Collected thoughts and musings George's Sun Blog

Monday Nov 17, 2008

Because of the enormous developer and user activity around Hadoop, it has grown into a formidable piece of software.  Finding bugs in your Map/Reduce programs can be hard, since there are so many different software components involved in carrying out your job.  However, Hadoop can be configured to run in a single-process, single-JVM debug mode that makes this process a lot easier.  This blog post describes how to setup your enviornment to support this mode.  I've put together a small download that includes scripts needed to configure Eclipse, as well as a sample program that you can modify at will to use as the base for your programs.

Prerequisites:

  1. Java JDK 1.6 or higher (that includes the Java compiler 'javac')
  2. Hadoop 0.18.2 source code (http://hadoop.apache.org/core/releases.html)
  3. SingleProcessHadoop starter files (http://blogs.sun.com/george/resource/SingleProcessHadoop/SingleProcessHadoop.tar.gz)
First, download Hadoop 0.18.2, if you do not already have it, from the link above.  Unpack it into a directory, for example ~/src/hadoop-0.18.2.  Next, download the 'SingleProcessHadoop' starter files from the above link and unpack them into a second directory (for example, ~/src/SingleProcessHadoop).
  1. Go to the SingleProcessHadoop directory (cd ~/src/SingleProcessHadoop)
  2. Generate the Eclipse files by running the 'generate-eclipse-files.sh' script.  This script takes as its argument the location of your Hadoop directory.  In my case, I type (./generate-eclipse-files.sh ~/src/hadoop-0.18.2)
  3. Start Eclipse
  4. Import the SingleProcessHadoop project by invoking (File -> Import...).  Under the 'General' tab, click "Existing Projects into Workspace".  Under "Select root directory", click browse.  Use the file browser to navigate to the SingleProcessHadoop directory and import it.

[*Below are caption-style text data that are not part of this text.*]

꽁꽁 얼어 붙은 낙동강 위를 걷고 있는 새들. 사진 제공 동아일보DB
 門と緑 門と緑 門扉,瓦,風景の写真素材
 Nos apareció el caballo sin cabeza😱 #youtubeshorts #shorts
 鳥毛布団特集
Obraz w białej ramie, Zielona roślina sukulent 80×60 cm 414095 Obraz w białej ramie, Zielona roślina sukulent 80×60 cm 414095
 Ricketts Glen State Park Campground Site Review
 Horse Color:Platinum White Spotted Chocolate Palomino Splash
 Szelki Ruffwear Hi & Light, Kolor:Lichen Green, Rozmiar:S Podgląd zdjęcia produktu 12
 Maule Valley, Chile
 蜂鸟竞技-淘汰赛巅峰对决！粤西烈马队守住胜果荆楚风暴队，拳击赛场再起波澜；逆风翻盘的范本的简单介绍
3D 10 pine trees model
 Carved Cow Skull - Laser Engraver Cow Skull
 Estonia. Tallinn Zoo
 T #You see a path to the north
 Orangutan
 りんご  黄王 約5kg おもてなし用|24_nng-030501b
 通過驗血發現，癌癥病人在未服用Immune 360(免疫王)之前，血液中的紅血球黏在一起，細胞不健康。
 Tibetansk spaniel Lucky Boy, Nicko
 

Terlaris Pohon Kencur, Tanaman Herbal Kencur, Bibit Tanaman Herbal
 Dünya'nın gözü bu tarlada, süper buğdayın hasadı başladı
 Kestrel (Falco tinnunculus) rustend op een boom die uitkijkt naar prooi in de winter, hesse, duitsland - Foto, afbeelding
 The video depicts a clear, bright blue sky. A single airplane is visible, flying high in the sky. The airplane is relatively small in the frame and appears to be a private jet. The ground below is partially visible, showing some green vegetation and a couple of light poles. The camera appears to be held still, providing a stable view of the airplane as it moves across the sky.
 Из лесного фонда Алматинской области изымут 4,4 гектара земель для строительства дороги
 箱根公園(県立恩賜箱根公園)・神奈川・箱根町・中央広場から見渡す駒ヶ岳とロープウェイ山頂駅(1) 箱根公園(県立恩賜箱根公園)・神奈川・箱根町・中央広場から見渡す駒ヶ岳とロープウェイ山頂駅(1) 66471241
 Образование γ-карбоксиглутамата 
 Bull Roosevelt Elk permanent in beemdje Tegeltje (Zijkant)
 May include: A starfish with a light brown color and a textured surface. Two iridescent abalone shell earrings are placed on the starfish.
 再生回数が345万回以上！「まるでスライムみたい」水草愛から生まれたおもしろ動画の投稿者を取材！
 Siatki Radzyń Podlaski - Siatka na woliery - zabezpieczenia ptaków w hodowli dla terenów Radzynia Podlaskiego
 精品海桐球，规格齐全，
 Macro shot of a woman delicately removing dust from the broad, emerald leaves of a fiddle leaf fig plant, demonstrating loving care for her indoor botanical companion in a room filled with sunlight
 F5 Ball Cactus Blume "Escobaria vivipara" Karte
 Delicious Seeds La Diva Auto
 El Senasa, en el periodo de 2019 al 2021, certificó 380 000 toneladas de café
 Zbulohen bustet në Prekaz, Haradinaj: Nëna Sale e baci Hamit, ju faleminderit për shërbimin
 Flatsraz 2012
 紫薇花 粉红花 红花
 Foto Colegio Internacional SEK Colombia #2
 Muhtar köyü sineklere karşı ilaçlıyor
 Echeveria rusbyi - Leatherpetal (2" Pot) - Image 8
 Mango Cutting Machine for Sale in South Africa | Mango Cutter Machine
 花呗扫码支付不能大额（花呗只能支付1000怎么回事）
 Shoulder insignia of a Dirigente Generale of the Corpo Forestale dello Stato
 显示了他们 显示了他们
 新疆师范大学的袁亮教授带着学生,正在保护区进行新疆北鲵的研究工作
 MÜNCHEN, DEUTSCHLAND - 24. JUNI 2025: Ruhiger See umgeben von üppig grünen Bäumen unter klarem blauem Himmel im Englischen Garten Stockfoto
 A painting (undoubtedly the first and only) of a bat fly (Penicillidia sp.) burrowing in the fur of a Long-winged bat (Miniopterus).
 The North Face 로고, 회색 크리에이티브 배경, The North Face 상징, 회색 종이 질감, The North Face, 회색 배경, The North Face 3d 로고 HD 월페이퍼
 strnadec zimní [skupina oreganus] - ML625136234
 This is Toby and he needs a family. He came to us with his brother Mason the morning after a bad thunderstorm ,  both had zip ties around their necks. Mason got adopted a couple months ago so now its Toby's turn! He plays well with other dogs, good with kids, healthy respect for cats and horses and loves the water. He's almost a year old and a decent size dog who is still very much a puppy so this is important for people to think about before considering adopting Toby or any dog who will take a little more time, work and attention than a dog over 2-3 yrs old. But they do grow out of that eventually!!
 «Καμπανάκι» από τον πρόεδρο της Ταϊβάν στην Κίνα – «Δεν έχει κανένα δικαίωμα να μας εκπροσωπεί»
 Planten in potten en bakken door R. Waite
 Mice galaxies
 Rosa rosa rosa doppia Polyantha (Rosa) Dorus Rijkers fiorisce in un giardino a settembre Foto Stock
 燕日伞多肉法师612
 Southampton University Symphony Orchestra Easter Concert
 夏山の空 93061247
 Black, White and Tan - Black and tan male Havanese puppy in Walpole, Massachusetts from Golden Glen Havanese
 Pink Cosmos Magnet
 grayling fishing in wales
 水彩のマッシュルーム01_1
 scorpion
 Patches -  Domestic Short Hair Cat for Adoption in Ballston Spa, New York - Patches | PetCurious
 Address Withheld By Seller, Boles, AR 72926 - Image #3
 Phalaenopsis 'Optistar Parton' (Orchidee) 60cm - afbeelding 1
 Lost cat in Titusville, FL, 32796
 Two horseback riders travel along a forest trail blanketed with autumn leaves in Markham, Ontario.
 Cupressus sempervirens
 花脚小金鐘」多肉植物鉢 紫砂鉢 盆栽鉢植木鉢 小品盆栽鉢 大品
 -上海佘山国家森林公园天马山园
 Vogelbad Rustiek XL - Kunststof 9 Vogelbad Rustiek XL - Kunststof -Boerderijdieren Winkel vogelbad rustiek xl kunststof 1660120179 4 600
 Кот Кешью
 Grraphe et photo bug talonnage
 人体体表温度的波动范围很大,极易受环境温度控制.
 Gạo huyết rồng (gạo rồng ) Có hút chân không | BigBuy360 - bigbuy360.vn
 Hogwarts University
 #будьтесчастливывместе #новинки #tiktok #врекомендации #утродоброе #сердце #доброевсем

You should now have the SingleProcessHadoop package set up in Eclipse:


The only Java file in the project contains the Wordcount demo taken from the Eclipse example code.  Let's run it and examine the output:

  1. Double-click on the SingleProcessWordCount.java file in the Project Explorer.  This file contains the Map and Reduce functions at the top.  The input to wordcount is on line 93:
    1. String input = "The quick brown fox\nhas many silly\nred fox sox\n";
  2. From the menu bar, select (Run -> Run As -> Java Application)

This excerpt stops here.